Il business della beneficenza

/ 18.04.2017
di Angelo Rossi

Ho deciso di scrivere questa nota sul mercato della beneficenza dopo aver risposto a un’inchiesta di una delle molte ong (organizzazioni non governative) che cercano di diminuire la grande miseria che c’è ancora in questo mondo. Nella stessa si cercava di appurare in quale misura i benefattori conoscono le campagne pubblicitarie dell’ong in questione. Hai letto bene, caro lettore, agli organizzatori dell’inchiesta non interessava se il benefattore sapesse delle attività condotte, a sostegno dei miseri, in questo o in quel paese povero, ma piuttosto se aveva notato la campagna pubblicitaria fatta dall’organizzazione di beneficenza in questione.
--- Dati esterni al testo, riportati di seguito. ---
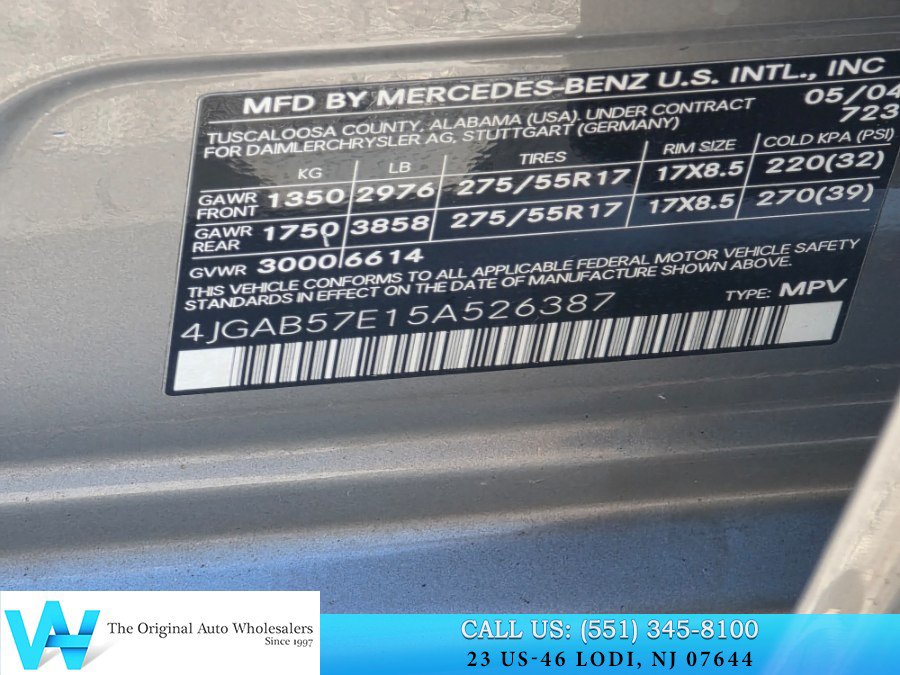 Used 2005 Mercedes-Benz ML 350 4MATIC image 27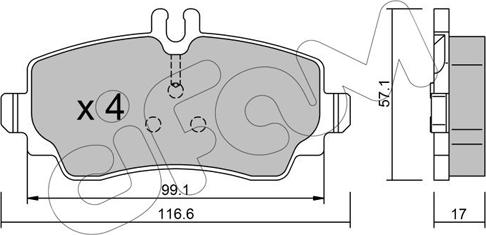 Cifam 822-310-0 - Kit pastiglie freno, Freno a disco autozon.pro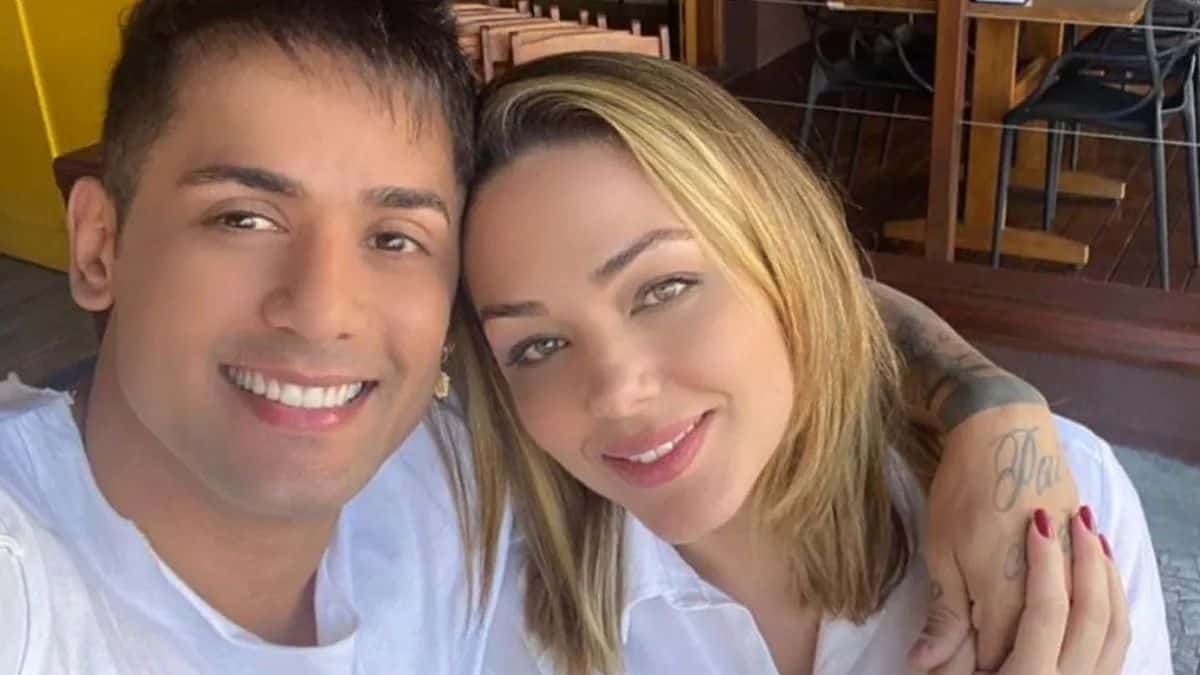 Tânia Mara reata namoro com Tiago Piquilo pela terceira vez e faz declaração romântica nas redes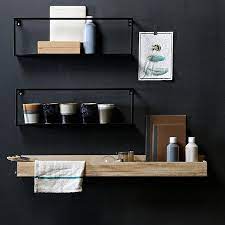 Wandregal Hangeregal Regal Bucherregal Kuche Bad Stellen Sie Zigeunern Eine Karriere Bisher Hinein Badezimmer Wandregal Wandregal Metall Wandregal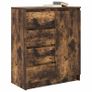 Sideboard with Drawers Smoked Oak 71x35x84 cm Image 2
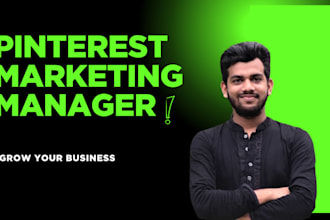 be your pinterest marketing manager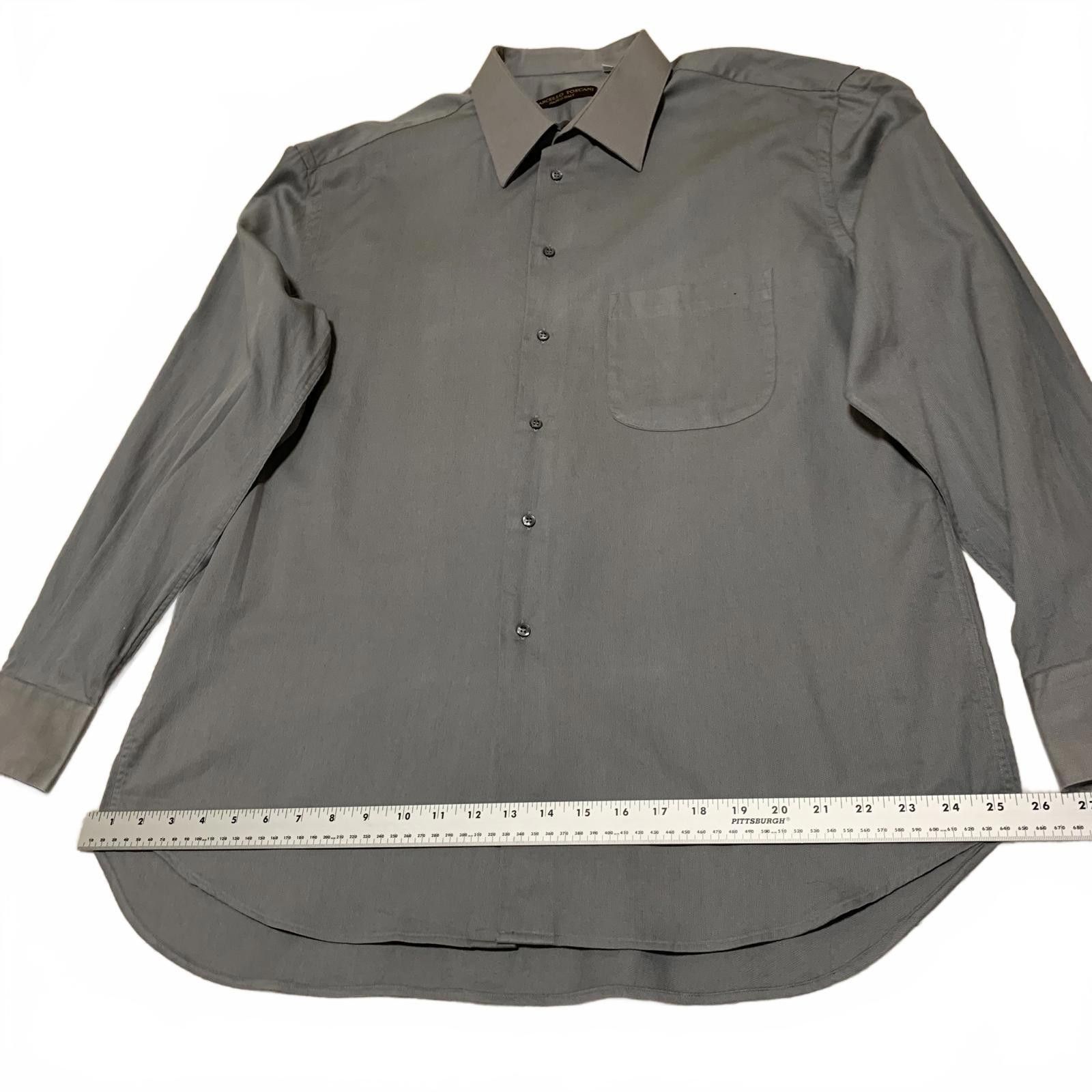Other Marcello Toscani Men's 17.5 Gray Long Sleeve Dress Shirt Size US M / EU 48-50 / 2 - 7 Thumbnail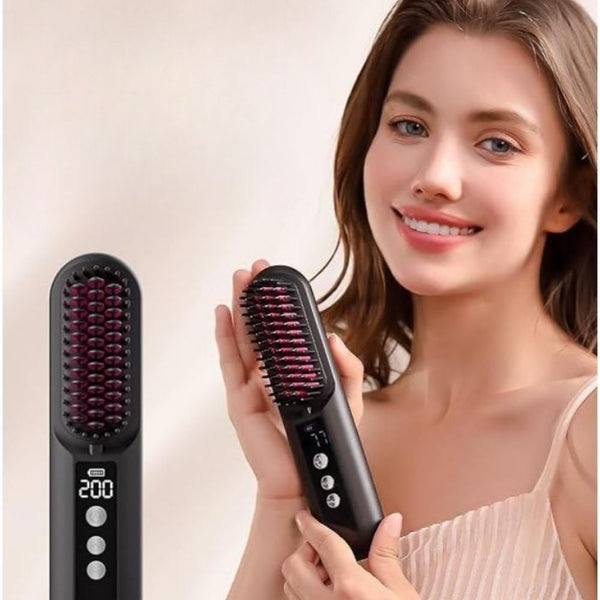 Saç düzleştirici fırça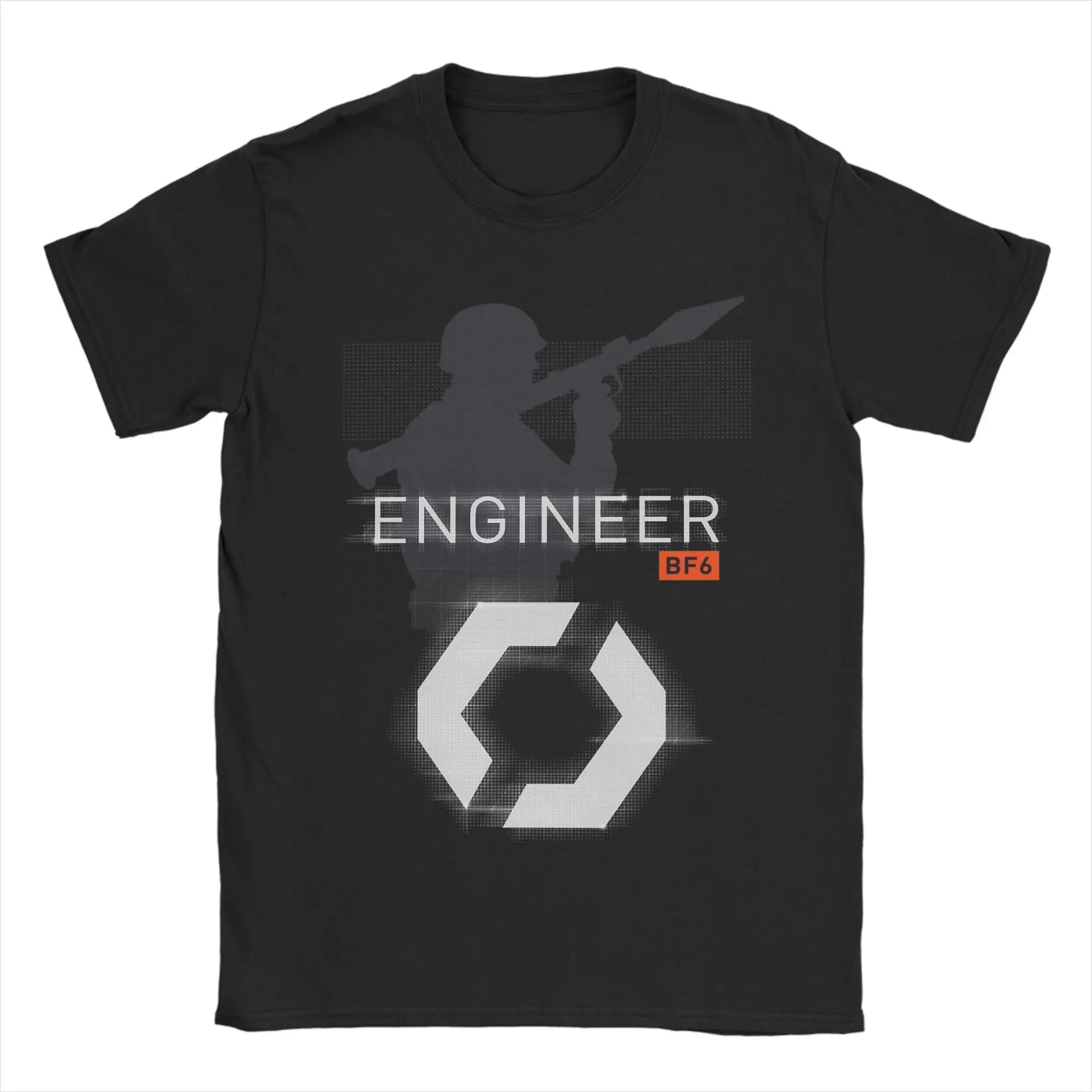 

2026 Battlefield 6 Funny Games BF6 Graphic Printing T Shirts for Summer Men Women Casual Cotton Tee Shirt Clothing Streetwear 4XL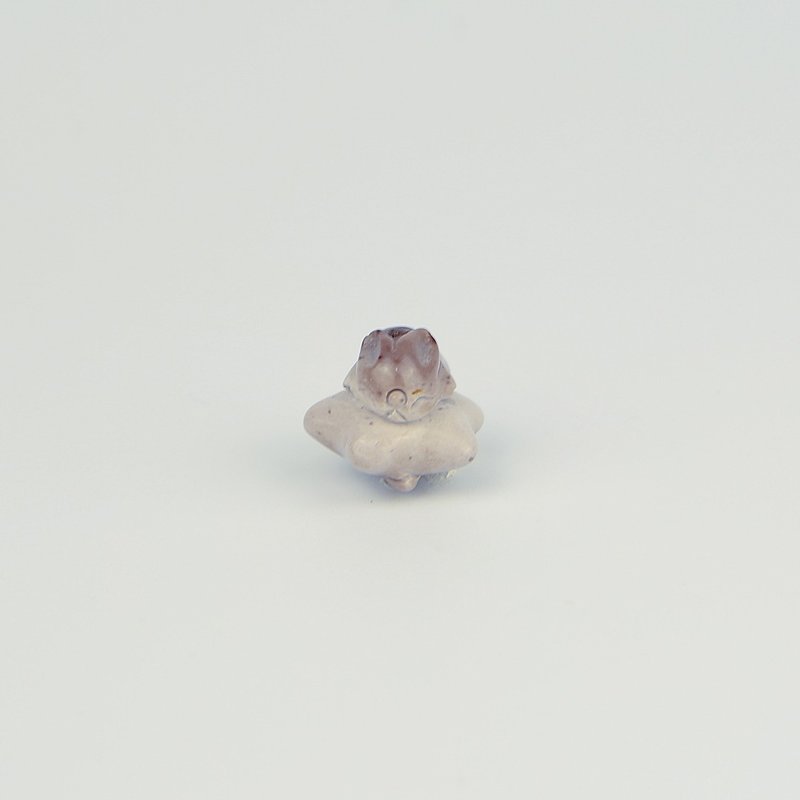 051952耕云兔仙灵/紫色/带孔素材/月夜城/阿拉善/晶石/天然/水晶 - 金工/饰品 - 水晶 多色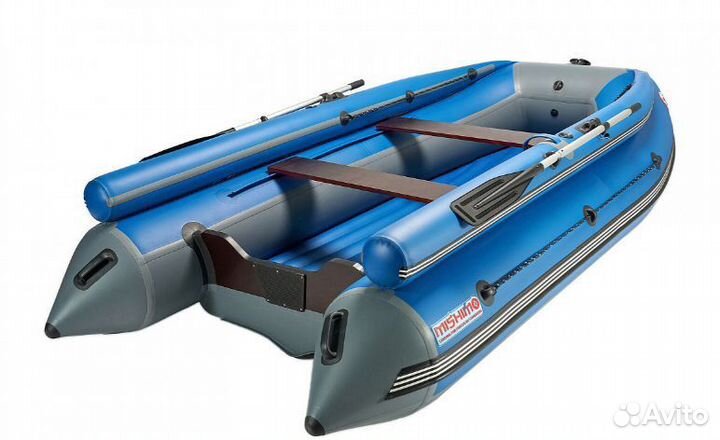 Лодка mishimo family lite 370 сине-серый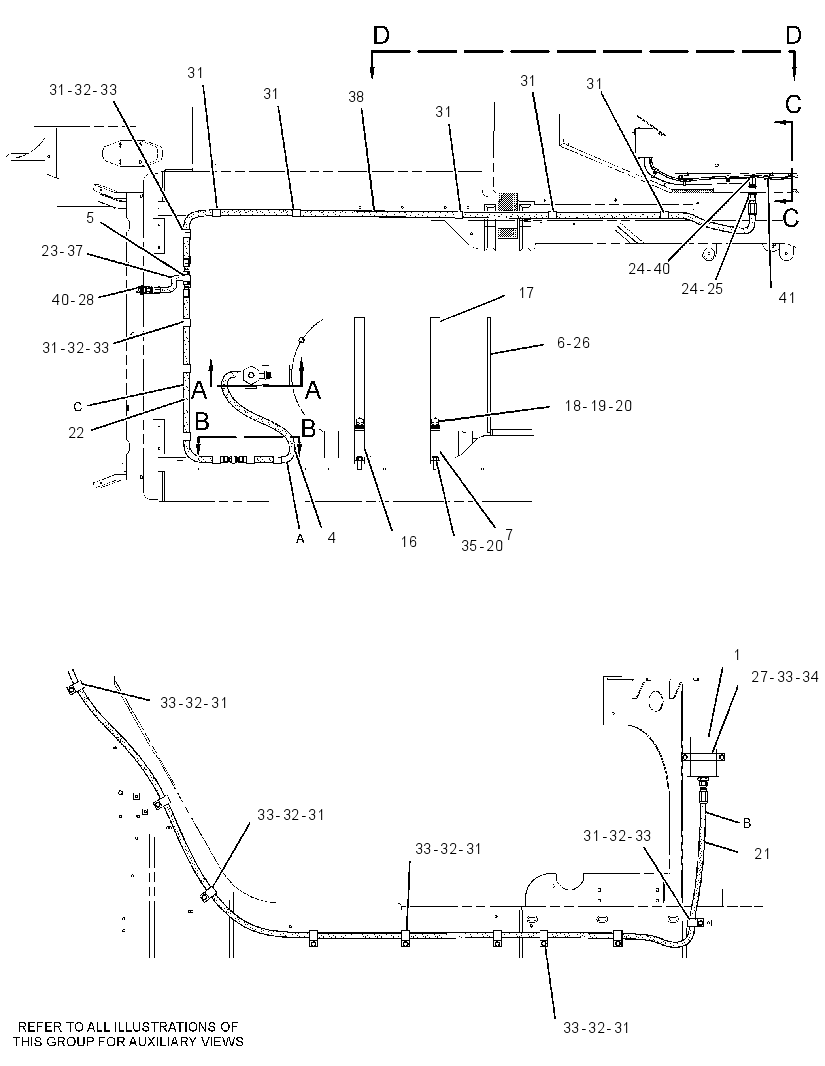 LINES GP-FIRE SUPPRESSION 3162733 CAT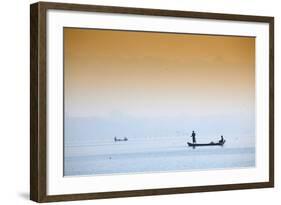 Fishermen on Taungthaman Lake Near Amarapura, Mandalay, Myanmar (Burma), Southeast Asia-Alex Robinson-Framed Photographic Print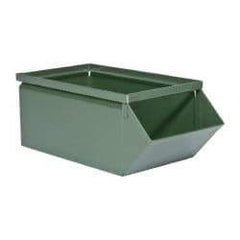 Stackbin - Size 2, Open End Bin - 15-1/2" Long x 7-1/2" Wide x 6" High, 12-1/4" Bottom Length - Exact Tool & Supply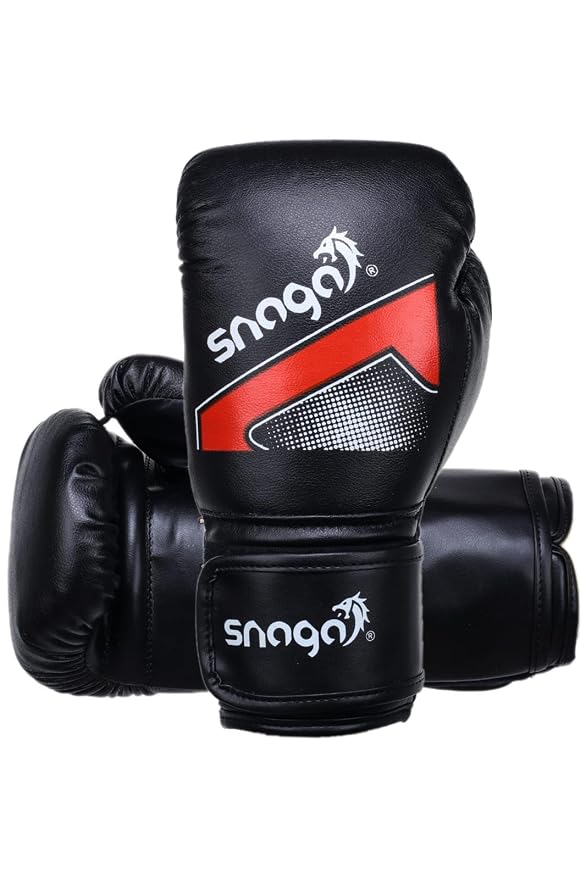 Snaga Boxing Gloves – Black, L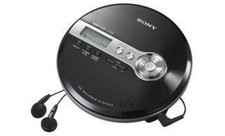 Sony CD Walkman D-NE241 Portable CD Player Black MP3 Used Condition
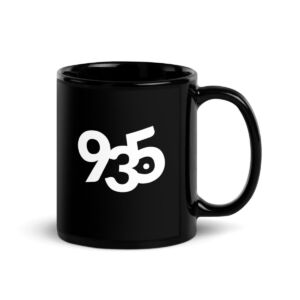935 Black Glossy Mug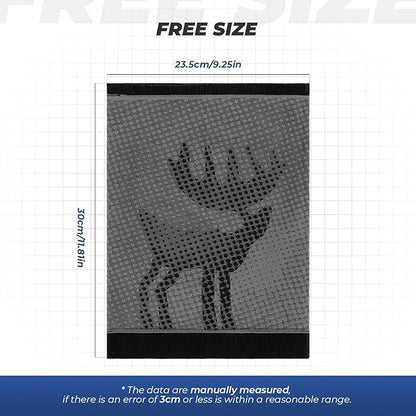 Qunature Мултифункционален шал Тръбен шал Зимен шал за врата Ветроустойчив Еластичен дишащ Топло за врат Жени и мъже за Спорт на открито Ски Бягане Колоездене Туризъм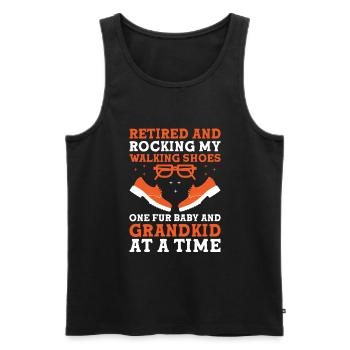Hundeliebhaber Rentner Oma Rentner Hundebesitzer Hund - Männer Premium Bio Tank Top - Schwarz - Vorne - Michal (187cm)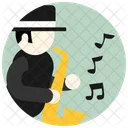 Musico Avatar Trabajo Icono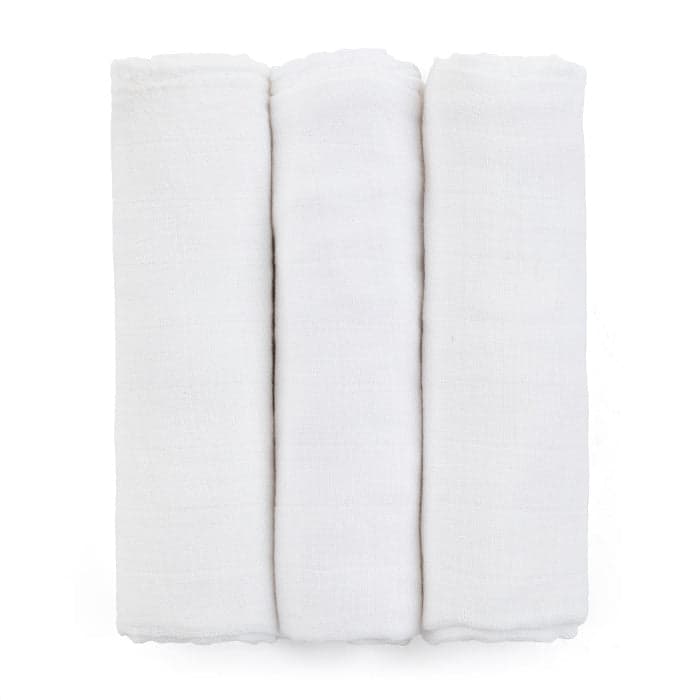 Petite&Mars Fraldas de Musselina de Bambu Moussy 68x68 cm White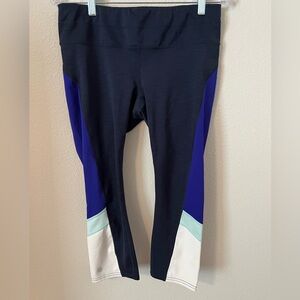 Athleta Black and Blue Leggings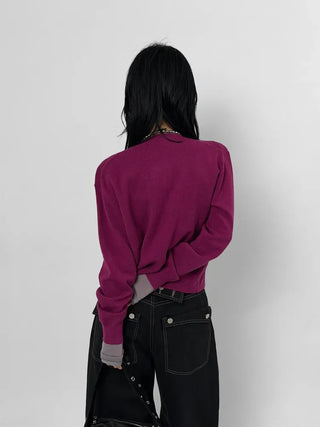 Alvin Round Knit Cardigan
Siccome io non vado in giro con il naso per aria a cercare se vi sono cartelloni che parlano della miseria nel mondo ho risposto a tutte le domande del questionario per la negativa. A una domanda finale aperta che dava la possibilità di esprimere la mia opinione sulle campagne pubblicitarie di questo tipo ho risposto che mi sembrava fossero solo uno sperpero di risorse scarse che l’ong avrebbe fatto bene a utilizzare in modo più diretto per alleviare la miseria. Per me questa inchiesta è l’ultima prova (forse la più deleteria) di una tendenza alla superprofessionalizzazione della raccolta di fondi a favore delle persone o delle regioni bisognose alla quale bisognerebbe, in un modo o nell’altro, dare finalmente un grande taglio. Nel corso degli ultimi anni le organizzazioni di beneficenza devono aver scoperto che si raccoglie di più se, invece di attendere che i benefattori mettano mano al loro portafoglio, li si sollecita contattandoli frequentemente, o facendo gentilmente pressione in altri modi, per convincerli a versare importi sempre maggiori, con sempre maggior frequenza.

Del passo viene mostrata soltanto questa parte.